§ Stored items:
>>
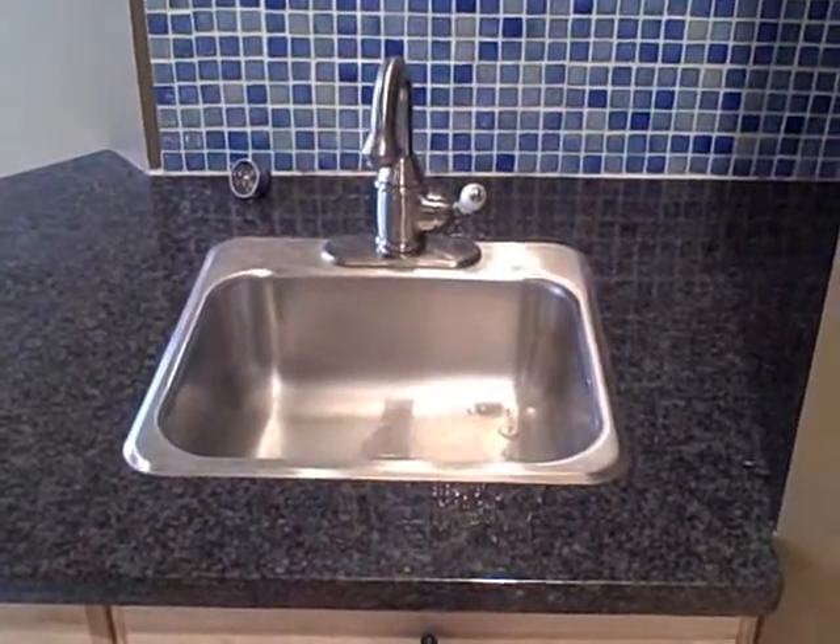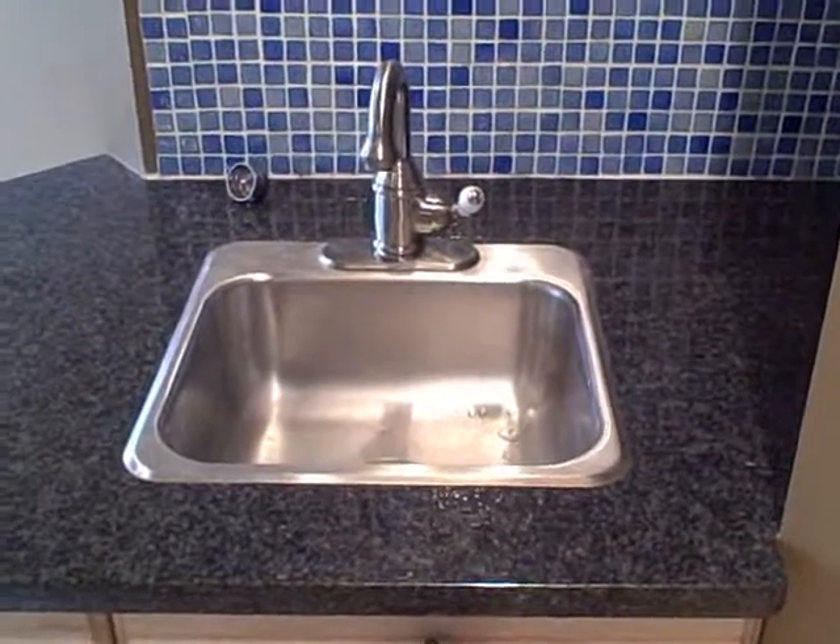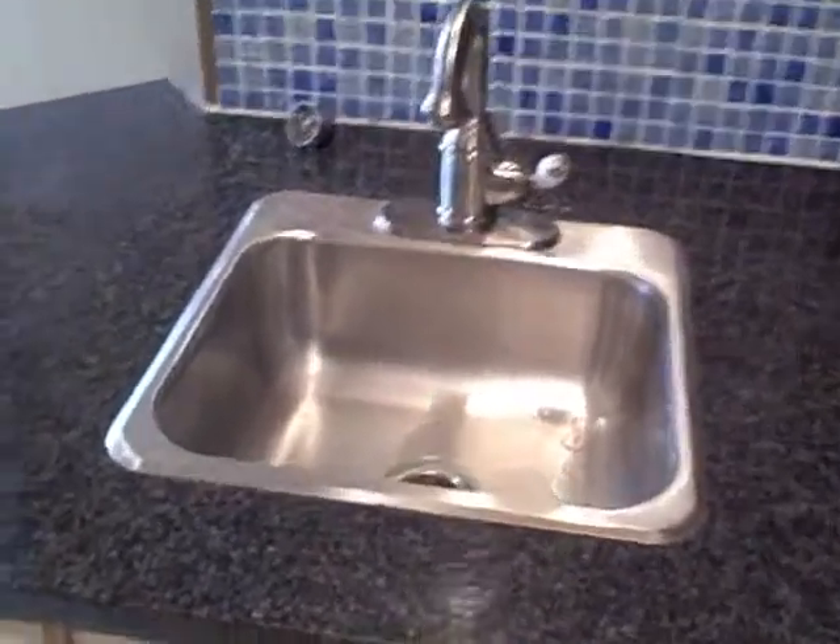Hello, I'm Anthony Dobson with Settled Home Inspection Services, and I'm in the finished basement where the homeowner has added a sink and a bar area, but there are no plumbing pipes to discharge the waste water for the sink.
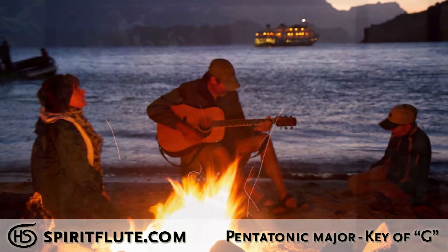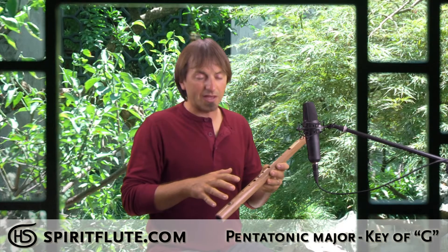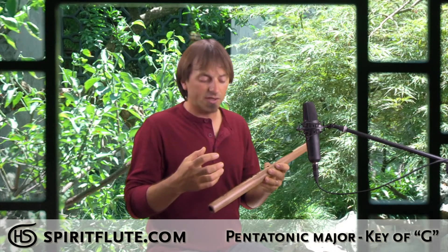Like our other pentatonic flutes, it's a five-note flute where all the notes are harmonious to each other, so it's a really easy flute to learn to play. You don't have to have played other instruments or have any musical experience in the past to learn how to play them.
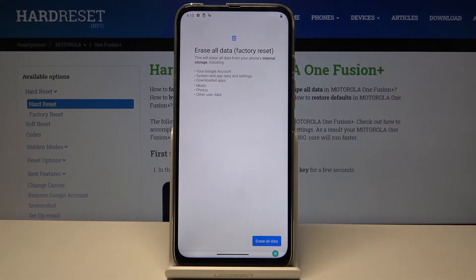Inside Factory Reset, you will see a message that performing this will remove your Google account, system and app data and settings, downloaded apps, music, photos, and other user data. In other words, it basically removes everything past the setup.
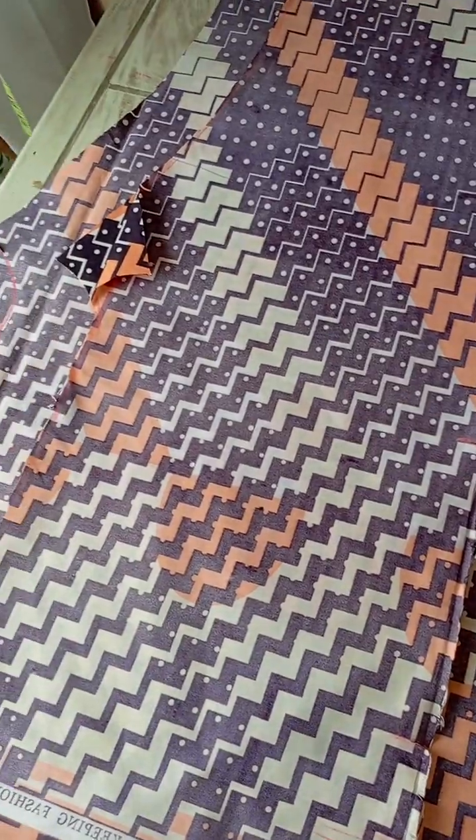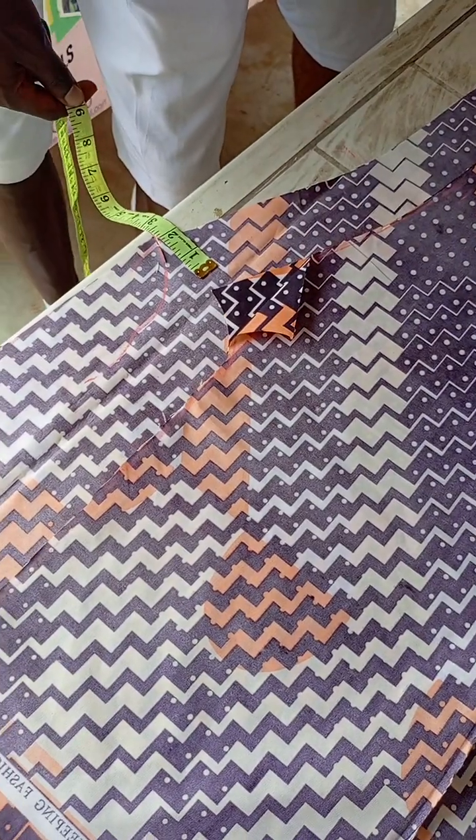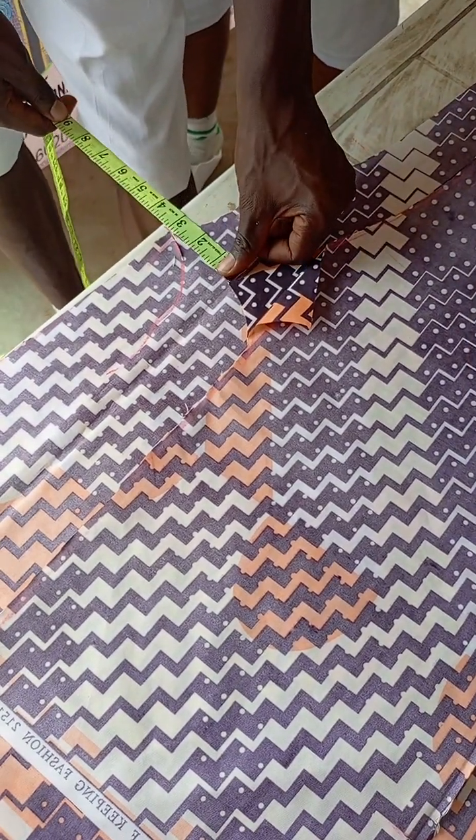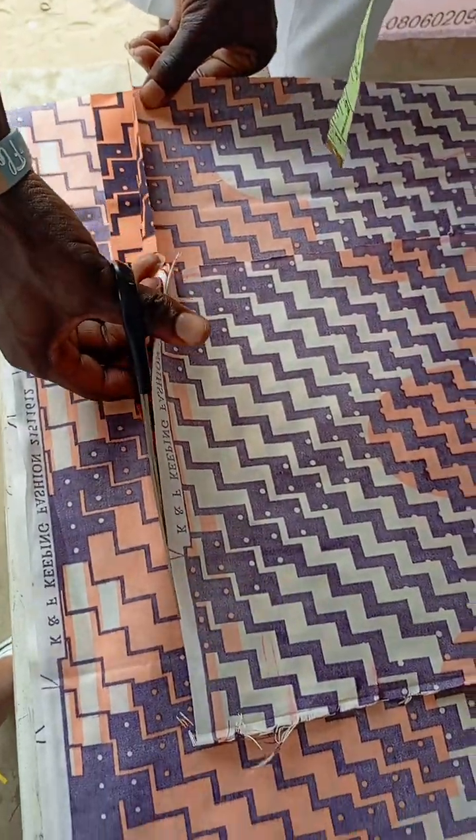How many do you measure with the allowance? 2.5 — you add two and a half allowance with the cloth. 2.5, 3.5, 4, 5, 9, 10. Super, that was a good idea.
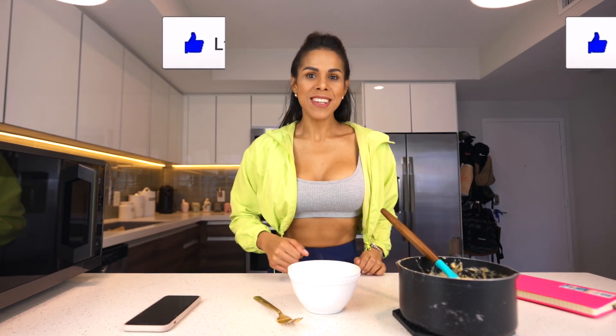Okay guys, I hope you liked this video. If you're new to this channel, consider subscribing, give me a like, and share this video with all your friends. Bye guys, see you in the next video!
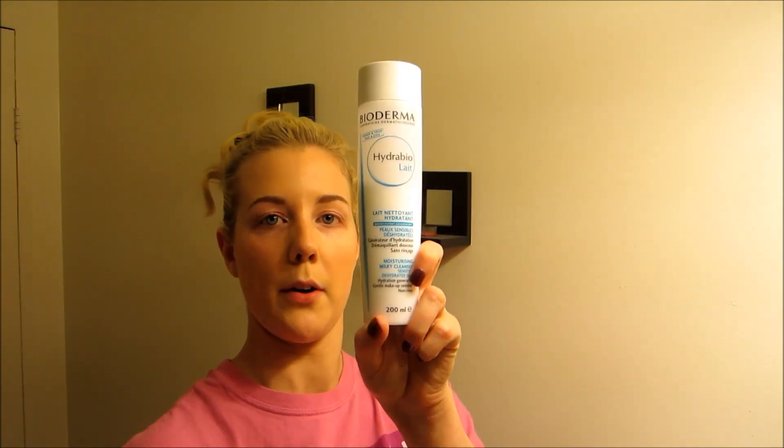The next step is using Bioderm — this is a cleanser and makeup remover — and I use that all over my face to get my foundation off.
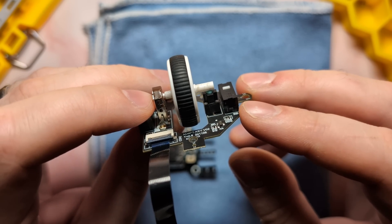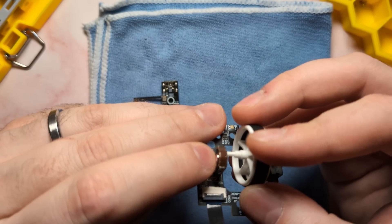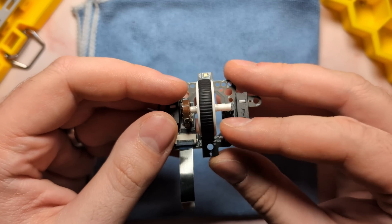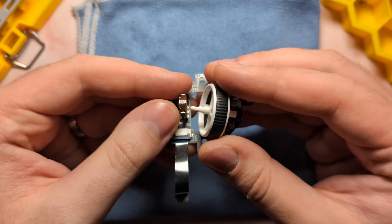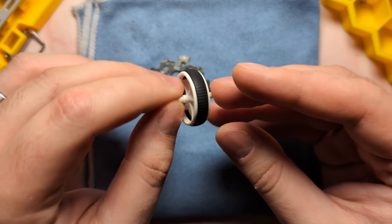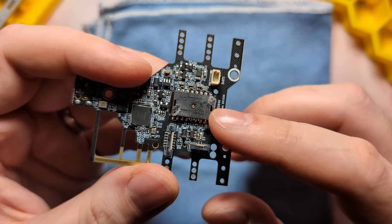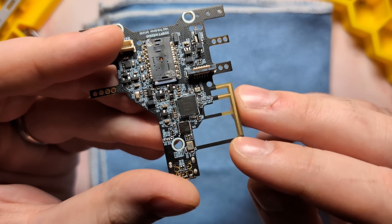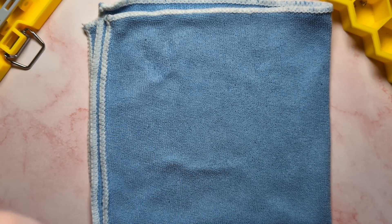For the scroll wheel click, we have a Kailh pillar switch with a cyan topper, which gives the scroll wheel click a decent feeling — though scroll wheel clicks using pillar switches always feel kind of muddy. You can remove the scroll wheel quite easily by just grabbing it and pulling to the right, so it's very easy to service or mod out for a different scroll wheel. And lastly on the main board, we have our PAW 3950 sensor and Nordic 52840 MCU. That's everything for components and specs.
<<
§ Required work: The data above must be written out again word for word, without its pictures.

§ Output of the task:
Hello, I'm Anthony Dobson with Settled Home Inspection Services, and I'm in the finished basement where the homeowner has added a sink and a bar area, but there are no plumbing pipes to discharge the waste water for the sink.
Like our other pentatonic flutes, it's a five-note flute where all the notes are harmonious to each other, so it's a really easy flute to learn to play. You don't have to have played other instruments or have any musical experience in the past to learn how to play them.
Inside Factory Reset, you will see a message that performing this will remove your Google account, system and app data and settings, downloaded apps, music, photos, and other user data. In other words, it basically removes everything past the setup.
How many do you measure with the allowance? 2.5 — you add two and a half allowance with the cloth. 2.5, 3.5, 4, 5, 9, 10. Super, that was a good idea.
Okay guys, I hope you liked this video. If you're new to this channel, consider subscribing, give me a like, and share this video with all your friends. Bye guys, see you in the next video!
The next step is using Bioderm — this is a cleanser and makeup remover — and I use that all over my face to get my foundation off.
For the scroll wheel click, we have a Kailh pillar switch with a cyan topper, which gives the scroll wheel click a decent feeling — though scroll wheel clicks using pillar switches always feel kind of muddy. You can remove the scroll wheel quite easily by just grabbing it and pulling to the right, so it's very easy to service or mod out for a different scroll wheel. And lastly on the main board, we have our PAW 3950 sensor and Nordic 52840 MCU. That's everything for components and specs.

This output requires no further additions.